These Treehaus Audiolab full-range field-coil speakers present an innovative approach to old-school tech
Rich Pinto is an audio iconoclast of sorts, and his company, Treehaus Audiolab, produces perfectionist loudspeakers and vacuum-tube electronics. A design philosophy that emphasises natural sound is underpinned by the use of pure, natural materials in the construction of the audio atelier’s components, where wood, paper, and metal are employed in a truly artisanal fashion.
Treehaus Audiolab’s loudspeakers are certainly conversation-starters, and that’s before the first needle-drop. (Pinto, like many music lovers and cognoscenti of the world’s top audio equipment, understands that LPs remain the apex predator of the audio food chain, eating digital anything for lunch). These speakers look like nothing else, and aficionados of mid-century design will appreciate the respectful reference to the iconic furniture of George Nakashima, whose creations relied upon thick, elaborately grained wood planks, purposefully adapted to his stylistic aesthetic.
Pinto uses specimen-grade, line-edge walnut or elm hardwood for the speaker baffles. Front baffles of box elder, Baltic birch, or unique, cross-sectioned tree trunks that Pinto refers to as “cookies” are available to order. Hard maple sidewalls and legs support each loudspeaker, which weighs from 40kg to 68kg.

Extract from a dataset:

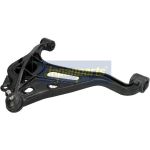 Querlenker Suzuki P. Grand Vitara 01-05 Le BS-804L Querlenker Suzuki P. Grand Vitara 01-05 Le BS-804L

The transparent, effortless sound of Treehaus speakers comes from the use of ultra-high-efficiency field-coil drivers, subtly enhanced by a low-range woofer and a super tweeter.
Say “loudspeaker,” and most people envision a box with a fabric grille, behind which cones of different diameters are responsible for reproducing a particular range of frequencies. And that formula can work just fine. But with problem-solving exercises like speaker design, a different set of compromises accompanies any particular technology.
With dynamic drivers imprisoned in a box, achieving a coherent soundstage, achieving time alignment of multiple drivers, and eliminating unwanted cabinet resonances require complex solutions. Such challenges are exacerbated by crossover networks that can wreak all kinds of sonic havoc if not correctly implemented. Characteristic distortions called “box colourations” are hard to shake and are what drive many audiophiles to planar ribbons, AMTs, electrostatics, horns, and every other sound-making contraption invented since Edison’s phonograph, including field-coil drivers that, used by Treehaus, are free from an enclosure of any kind.
In the case of these speakers, the full-range field-coil operates without a crossover network and does the lion’s share of music making, augmented by a 15-inch bass driver to reproduce frequencies below 90 Hz, and a high-frequency Fostex AlNiCo tweeter to make upper-octave conversation.
Properly designed, an open-baffle loudspeaker releases all of a transducer’s acoustic energy into the open air, with back waves that are not hindered by an enclosed box. The naturalness can be uncanny. Treehaus Audiolab offers two versions: The Phantom of Luxury, priced from US$29,000 per pair, uses the highest-quality drivers, while the National Treasure utilises a similar driver complement, and is priced from US$19,000 per pair.
People who are into speakers know that not all drivers are created equal. Some are almost mythical, such as the full-range field-coil driver made in Bavaria by Atelier Rullit. Using a cache of original German prewar Klangfilm and Telefunken field-coil drivers, Rullit redesigns and essentially “restomods” the transducers using old German copper wire for coils and ultra-lightweight paper for cones. The advantages of a field-coil transducer are its ultra-lightweight voice coil and cone assembly, which eliminate a heavy magnet, driving the assembly instead with a high-voltage, tube-rectified field-coil. These are the drivers that give voice to the Treehaus Audiolab speakers, going from below 100 Hz to above 15 kHz without missing a beat.
Both the Phantom of Luxury and the National Treasure models are intended to be bi-amped for the sake of the woofer, which is ideally mated to a good Class D solid-state amp, using a DSP module to control the crossover frequency (about 90 Hz) and fine-tune room response. The main field-coil driver and tweeter, which require virtually no muscle at all, are ideally powered by the vacuum-tube amp of choice, such as Treehaus Audiolab’s own 300B amplifier. Heard for the first time, a full-range field-coil loudspeaker can be revelatory—a sonic experience to be savoured.